I think my own previous sour feelings were a result of The Matrix Revolutions flubbing the hand-off, dropping many of the more interesting additions from Reloaded and spending far too much time in the dingy underground real world. It’s confusing to introduce a reality-defying world of the Matrix where characters can act like superheroes, and then the movie spends more of its time on people in mech suits firing endless bullets at a shapeless cloud of robot tentacles. The clever redefining of Neo as but one of many Chosen Ones is downplayed when it turns out he might be the most Chosen One-d of chosen ones, having mystical powers inexplicably outside the world of the Matrix. And the romance between Trinity and Neo was yet another aspect that felt swept up in an overly familiar messianic mission, which might be why Lana Wachowski chose to re-emphasize this relationship as a romance for the ages in Resurrections. It’s not Reloaded’s fault that the next two Matrix sequels failed to live up to its promising ideas, new characters, and dynamic action. I think the jilted reaction to Reloaded lowered the expectation bar for Revolutions, which might be why I, at the time, preferred the third movie to the talkier and more esoteric second entry.

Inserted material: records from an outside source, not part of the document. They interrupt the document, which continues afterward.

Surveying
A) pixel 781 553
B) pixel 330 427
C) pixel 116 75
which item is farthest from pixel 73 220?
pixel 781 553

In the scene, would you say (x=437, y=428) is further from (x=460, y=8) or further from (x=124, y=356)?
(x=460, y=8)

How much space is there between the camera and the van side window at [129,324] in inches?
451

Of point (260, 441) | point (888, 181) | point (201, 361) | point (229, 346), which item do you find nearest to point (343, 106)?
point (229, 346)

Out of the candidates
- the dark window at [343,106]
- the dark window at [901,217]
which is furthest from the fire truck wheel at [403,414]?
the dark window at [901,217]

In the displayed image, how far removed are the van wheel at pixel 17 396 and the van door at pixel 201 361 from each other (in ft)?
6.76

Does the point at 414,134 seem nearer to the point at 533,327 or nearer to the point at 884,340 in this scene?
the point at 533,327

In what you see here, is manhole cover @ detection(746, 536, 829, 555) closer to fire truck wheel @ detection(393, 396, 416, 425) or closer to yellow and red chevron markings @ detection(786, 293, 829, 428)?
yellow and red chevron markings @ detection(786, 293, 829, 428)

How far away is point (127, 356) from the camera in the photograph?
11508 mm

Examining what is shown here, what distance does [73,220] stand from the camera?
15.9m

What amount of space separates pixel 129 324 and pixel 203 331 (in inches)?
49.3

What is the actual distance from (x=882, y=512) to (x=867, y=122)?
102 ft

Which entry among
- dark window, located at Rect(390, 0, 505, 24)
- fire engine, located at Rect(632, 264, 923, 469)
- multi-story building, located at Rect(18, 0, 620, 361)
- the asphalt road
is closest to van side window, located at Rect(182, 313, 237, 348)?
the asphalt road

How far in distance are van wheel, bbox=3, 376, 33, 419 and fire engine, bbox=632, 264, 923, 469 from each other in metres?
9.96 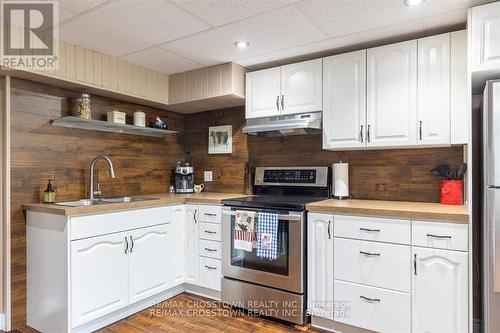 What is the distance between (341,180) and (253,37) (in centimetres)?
135

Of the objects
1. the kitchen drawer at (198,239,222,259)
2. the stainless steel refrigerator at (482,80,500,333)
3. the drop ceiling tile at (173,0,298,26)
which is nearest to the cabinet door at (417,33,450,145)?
the stainless steel refrigerator at (482,80,500,333)

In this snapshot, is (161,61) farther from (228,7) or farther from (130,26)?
(228,7)

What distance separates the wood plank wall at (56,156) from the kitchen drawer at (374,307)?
7.13ft

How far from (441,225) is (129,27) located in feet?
7.73

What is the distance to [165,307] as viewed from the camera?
2666mm

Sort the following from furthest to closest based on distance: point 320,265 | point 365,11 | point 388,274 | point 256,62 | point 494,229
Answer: point 256,62 < point 320,265 < point 388,274 < point 365,11 < point 494,229

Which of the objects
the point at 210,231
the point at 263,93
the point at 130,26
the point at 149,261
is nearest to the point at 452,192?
the point at 263,93

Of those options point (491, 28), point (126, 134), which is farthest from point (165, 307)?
point (491, 28)

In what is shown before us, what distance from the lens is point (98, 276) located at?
2232 millimetres

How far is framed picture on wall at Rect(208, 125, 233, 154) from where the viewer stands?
3.40 metres

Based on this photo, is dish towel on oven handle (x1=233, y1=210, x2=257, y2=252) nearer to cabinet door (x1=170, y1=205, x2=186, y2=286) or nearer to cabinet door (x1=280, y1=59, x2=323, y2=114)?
cabinet door (x1=170, y1=205, x2=186, y2=286)

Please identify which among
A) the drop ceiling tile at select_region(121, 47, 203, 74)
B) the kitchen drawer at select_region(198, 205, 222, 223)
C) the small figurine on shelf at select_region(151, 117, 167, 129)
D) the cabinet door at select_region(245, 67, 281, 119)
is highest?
the drop ceiling tile at select_region(121, 47, 203, 74)

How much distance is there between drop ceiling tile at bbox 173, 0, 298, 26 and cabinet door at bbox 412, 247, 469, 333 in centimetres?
173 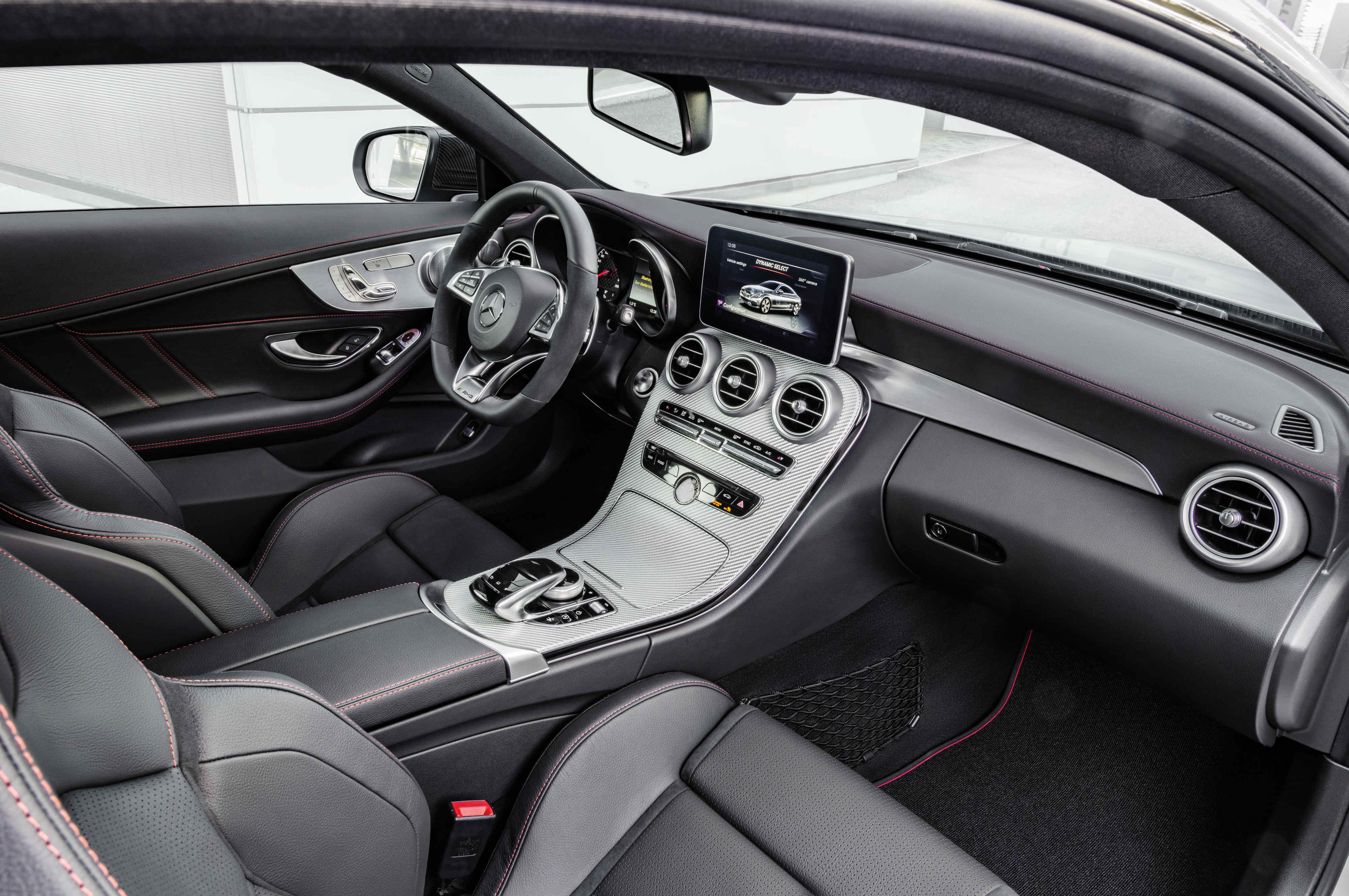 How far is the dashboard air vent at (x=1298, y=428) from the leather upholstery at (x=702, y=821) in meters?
0.72

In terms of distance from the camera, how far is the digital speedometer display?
2250 millimetres

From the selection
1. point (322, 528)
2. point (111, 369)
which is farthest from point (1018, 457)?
point (111, 369)

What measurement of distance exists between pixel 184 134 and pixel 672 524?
3.96m

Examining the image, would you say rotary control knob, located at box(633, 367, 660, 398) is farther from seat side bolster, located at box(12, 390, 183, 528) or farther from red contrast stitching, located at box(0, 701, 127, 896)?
red contrast stitching, located at box(0, 701, 127, 896)

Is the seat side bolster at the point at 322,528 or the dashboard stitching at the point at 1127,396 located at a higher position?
the dashboard stitching at the point at 1127,396

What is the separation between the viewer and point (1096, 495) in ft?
4.91

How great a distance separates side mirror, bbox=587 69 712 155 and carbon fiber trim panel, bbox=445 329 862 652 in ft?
2.25

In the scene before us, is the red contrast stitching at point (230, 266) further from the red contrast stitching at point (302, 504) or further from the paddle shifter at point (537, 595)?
the paddle shifter at point (537, 595)

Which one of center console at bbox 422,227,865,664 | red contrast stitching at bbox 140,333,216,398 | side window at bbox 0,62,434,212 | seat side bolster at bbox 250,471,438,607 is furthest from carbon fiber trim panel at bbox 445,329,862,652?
side window at bbox 0,62,434,212

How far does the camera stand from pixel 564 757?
1304 mm

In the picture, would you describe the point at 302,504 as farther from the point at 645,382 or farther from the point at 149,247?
the point at 645,382

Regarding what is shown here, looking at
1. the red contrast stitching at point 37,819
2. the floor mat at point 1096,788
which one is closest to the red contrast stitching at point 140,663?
the red contrast stitching at point 37,819

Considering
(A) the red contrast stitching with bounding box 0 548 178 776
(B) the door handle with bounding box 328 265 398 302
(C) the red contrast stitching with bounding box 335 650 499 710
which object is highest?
(A) the red contrast stitching with bounding box 0 548 178 776

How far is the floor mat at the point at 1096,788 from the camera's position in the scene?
165 centimetres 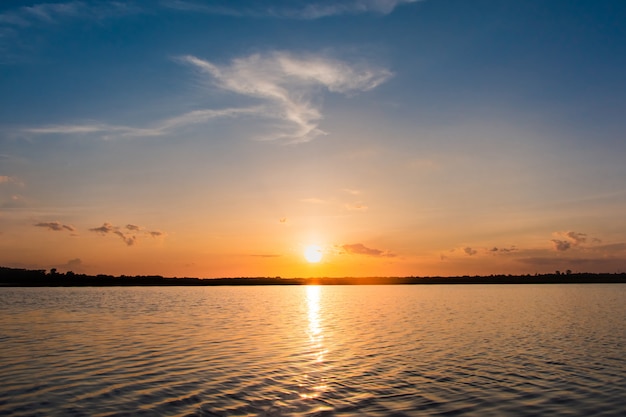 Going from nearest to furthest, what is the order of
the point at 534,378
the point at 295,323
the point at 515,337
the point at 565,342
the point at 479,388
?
the point at 479,388 < the point at 534,378 < the point at 565,342 < the point at 515,337 < the point at 295,323

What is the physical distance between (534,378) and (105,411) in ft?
67.3

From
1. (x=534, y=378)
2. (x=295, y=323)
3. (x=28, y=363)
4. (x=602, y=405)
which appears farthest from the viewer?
(x=295, y=323)

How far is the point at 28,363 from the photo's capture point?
1144 inches

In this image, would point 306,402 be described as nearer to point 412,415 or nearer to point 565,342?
point 412,415

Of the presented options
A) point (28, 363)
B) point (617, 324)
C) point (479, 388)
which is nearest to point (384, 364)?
point (479, 388)

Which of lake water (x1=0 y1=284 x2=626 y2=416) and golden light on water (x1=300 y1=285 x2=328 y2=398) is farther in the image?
golden light on water (x1=300 y1=285 x2=328 y2=398)

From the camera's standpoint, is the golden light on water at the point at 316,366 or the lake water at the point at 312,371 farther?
the golden light on water at the point at 316,366

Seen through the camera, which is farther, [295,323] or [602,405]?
[295,323]

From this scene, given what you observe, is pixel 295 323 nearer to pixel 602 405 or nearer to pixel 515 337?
pixel 515 337

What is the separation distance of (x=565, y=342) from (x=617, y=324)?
18.9 metres

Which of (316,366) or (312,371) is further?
(316,366)

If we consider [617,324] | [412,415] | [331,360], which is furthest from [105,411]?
[617,324]

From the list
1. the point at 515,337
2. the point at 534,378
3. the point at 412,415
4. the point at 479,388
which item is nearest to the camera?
the point at 412,415

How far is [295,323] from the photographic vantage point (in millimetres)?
58062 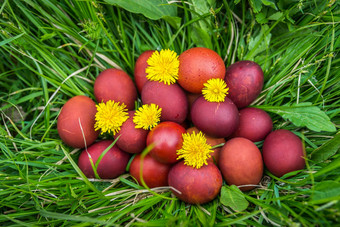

Re-reading my original 2003 review, I was clearly charged with my disappointment. There is a healthy level of snark throughout the review, as per a 21-year-old smart aleck. There’s more than a couple iffy references to stoner philosophy. I still agree with several of my old criticisms, such as spending far too much time in the “dank real world,” but I believe my hostility was misplaced. I was expecting a very different movie than the Wachowskis were interested in exploring, and it took me twenty years (technically 18 since I watched them all again in December 2021) to reassess my feelings and appreciate them on their own artistic terms. If you’re like me and only remember The Matrix sequels in a rather negative fashion, I recommend visiting them again with an open mind. That’s not to say they’re bulletproof, but after twenty years of rampant superhero movie escapades, I appreciate the thoughtful and subversive attempt to re-insert stakes and meaning into their original Chosen One franchise. Now, if Resurrections is any sign, please pass the creative reins to a worthy successor and let someone else dabble in this virtual reality sandbox for any possible future tales.